# DIRECTIONS
Out of the lines below, please list those that hold the string "Ford".

# Dataset items
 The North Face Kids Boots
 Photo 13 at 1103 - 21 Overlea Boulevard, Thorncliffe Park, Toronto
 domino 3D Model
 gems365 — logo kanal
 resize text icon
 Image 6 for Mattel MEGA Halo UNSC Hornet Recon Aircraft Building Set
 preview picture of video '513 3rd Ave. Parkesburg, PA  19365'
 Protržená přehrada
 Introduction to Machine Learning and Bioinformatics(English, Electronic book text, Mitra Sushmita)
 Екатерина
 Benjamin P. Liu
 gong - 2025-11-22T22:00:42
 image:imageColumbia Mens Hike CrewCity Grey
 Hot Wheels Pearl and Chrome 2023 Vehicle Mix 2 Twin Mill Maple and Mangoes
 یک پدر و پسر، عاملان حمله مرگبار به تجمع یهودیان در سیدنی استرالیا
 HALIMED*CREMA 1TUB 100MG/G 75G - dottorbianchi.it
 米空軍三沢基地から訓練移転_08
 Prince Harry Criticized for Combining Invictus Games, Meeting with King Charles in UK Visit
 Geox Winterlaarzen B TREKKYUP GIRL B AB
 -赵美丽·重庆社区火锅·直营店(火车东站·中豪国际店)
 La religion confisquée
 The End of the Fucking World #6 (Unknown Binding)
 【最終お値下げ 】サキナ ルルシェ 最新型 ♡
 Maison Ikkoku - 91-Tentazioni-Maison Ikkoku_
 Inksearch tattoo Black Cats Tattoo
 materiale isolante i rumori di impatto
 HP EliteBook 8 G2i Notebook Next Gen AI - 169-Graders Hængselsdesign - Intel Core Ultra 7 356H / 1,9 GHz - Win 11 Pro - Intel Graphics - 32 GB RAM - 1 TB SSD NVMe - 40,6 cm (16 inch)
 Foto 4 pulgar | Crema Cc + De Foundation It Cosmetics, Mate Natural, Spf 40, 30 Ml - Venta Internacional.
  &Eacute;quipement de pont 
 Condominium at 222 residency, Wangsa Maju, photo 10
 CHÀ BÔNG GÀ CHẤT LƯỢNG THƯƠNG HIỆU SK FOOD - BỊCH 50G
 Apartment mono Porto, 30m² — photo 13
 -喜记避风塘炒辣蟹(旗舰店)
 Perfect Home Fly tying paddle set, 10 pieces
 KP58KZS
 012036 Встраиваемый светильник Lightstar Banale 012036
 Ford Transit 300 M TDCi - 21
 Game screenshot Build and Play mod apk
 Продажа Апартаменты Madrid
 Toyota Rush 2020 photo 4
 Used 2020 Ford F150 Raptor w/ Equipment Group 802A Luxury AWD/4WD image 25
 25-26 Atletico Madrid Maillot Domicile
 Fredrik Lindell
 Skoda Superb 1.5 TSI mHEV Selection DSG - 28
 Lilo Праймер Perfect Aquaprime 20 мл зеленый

# REPLY
 Ford Transit 300 M TDCi - 21
 Used 2020 Ford F150 Raptor w/ Equipment Group 802A Luxury AWD/4WD image 25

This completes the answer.